A mysterious new website is offering rewards of up to $1 million Hong Kong dollars ($127,500) for information leading to the arrest of masked individuals linked to major acts of violence or vandalism during Hong Kong protests.
The website — 803.hk, named for the date on which protesters were filmed throwing a Chinese flag into Hong Kong’s harbor — offers cash rewards for information about 30 of the most notable acts of violence or political dissent during nearly three months of protests in the city.

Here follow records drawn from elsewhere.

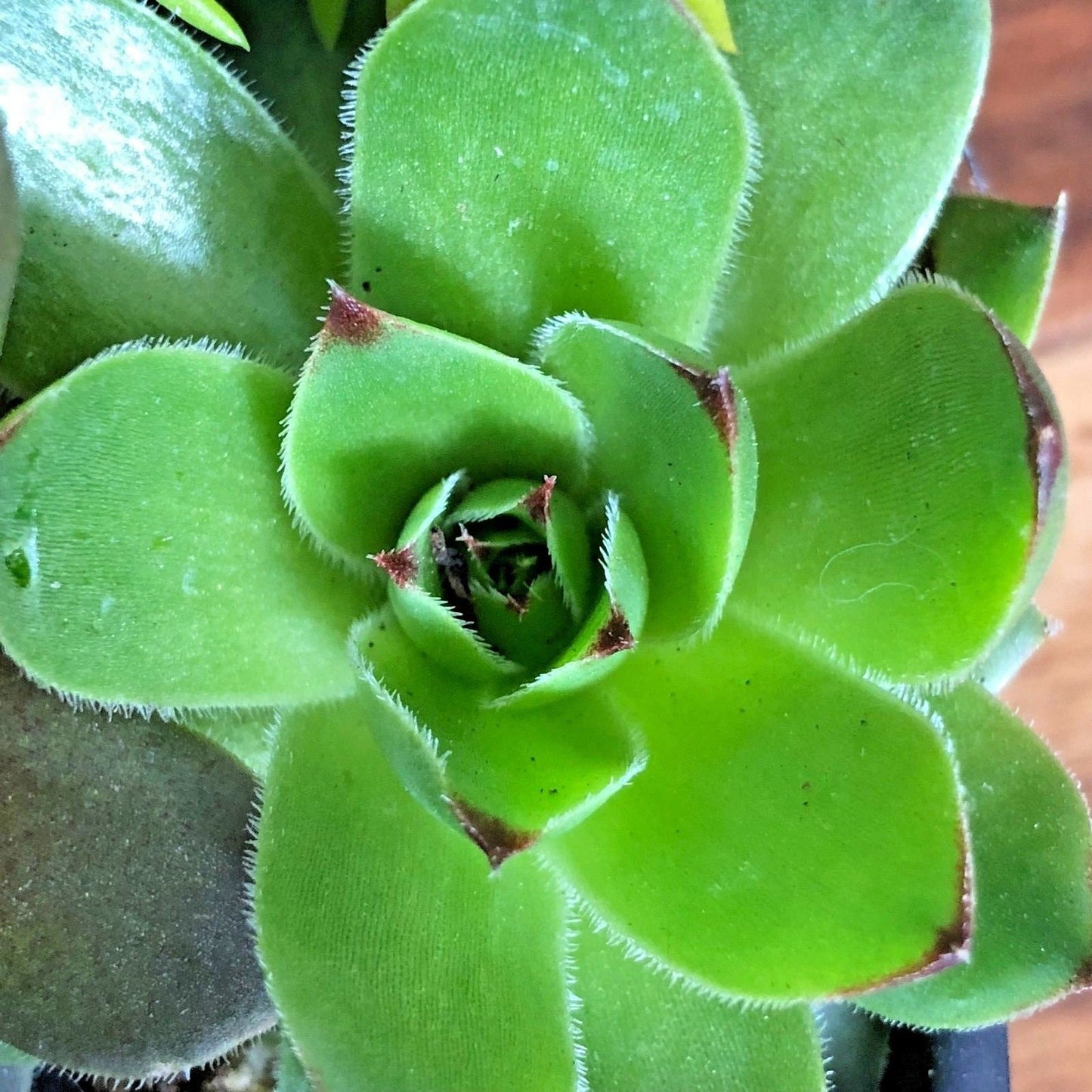 Live Succulent Variety 4 Pack of Randomly Chosen Low Maintenance 2" Plants for Home, Office or Garden
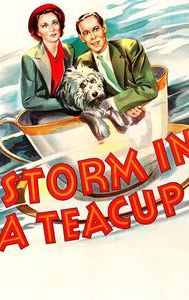 Storm in a Teacup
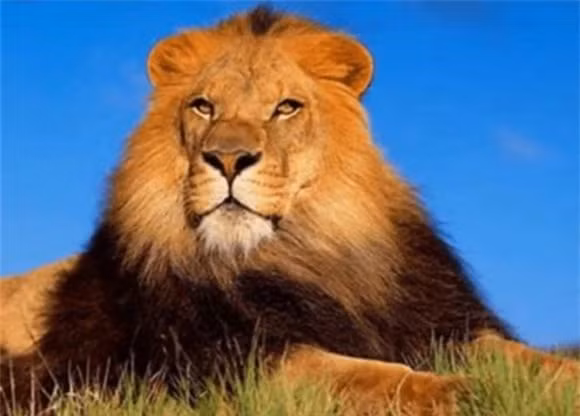 Tai sao ho va su tu khong an thit khi dot?-Hinh-3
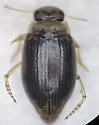 Oreodytes laevis - photo 2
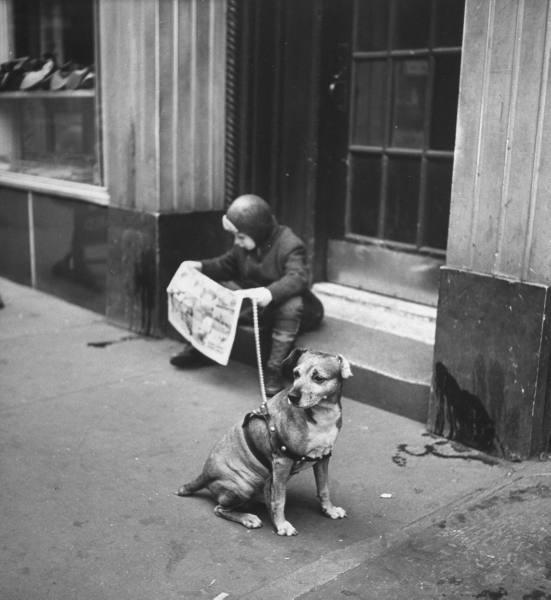 Les chiens de  New York City  par Nina Leen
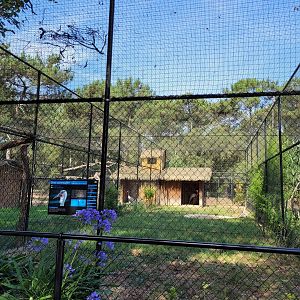 Wattled crane exhibit -Zoo de Labenne (2023)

The biggest rewards of HK $1 million were offered for information on who was responsible for tearing down a Chinese flag and throwing it into the harbor, or for defacing the Chinese government’s official emblem on the China Liaison Office in central Hong Kong in July. Desecrating the national flag or emblem is illegal in Hong Kong and carries a potential punishment of up to three years in jail.
It’s not clear who’s behind the website, although it appears to be linked to Leung Chun-ying, the unpopular pro-Beijing politician who served as Hong Kong’s leader until 2017. The website is registered under Leung’s name, and on Tuesday he urged people to share a link to the site on his official Facebook page.
Leung, who also offered a HK$1 million reward earlier this month after the flag was desecrated, did not respond to VICE News’ requests for comment.
The campaign was advertised on the front pages of two pro-Beijing newspapers in the city Tuesday, which read: “The violence and the illegal acts of a small minority of people have severely hurt Hong Kong since June.”
“We come from various walks of life and hope to restore calm in Hong Kong.”
The website says the funds for the rewards had been donated by members of the public, and assured that the identities of any informants would remain “absolutely confidential.” Once tips were received, they would be passed to Hong Kong police through a lawyer, the site said.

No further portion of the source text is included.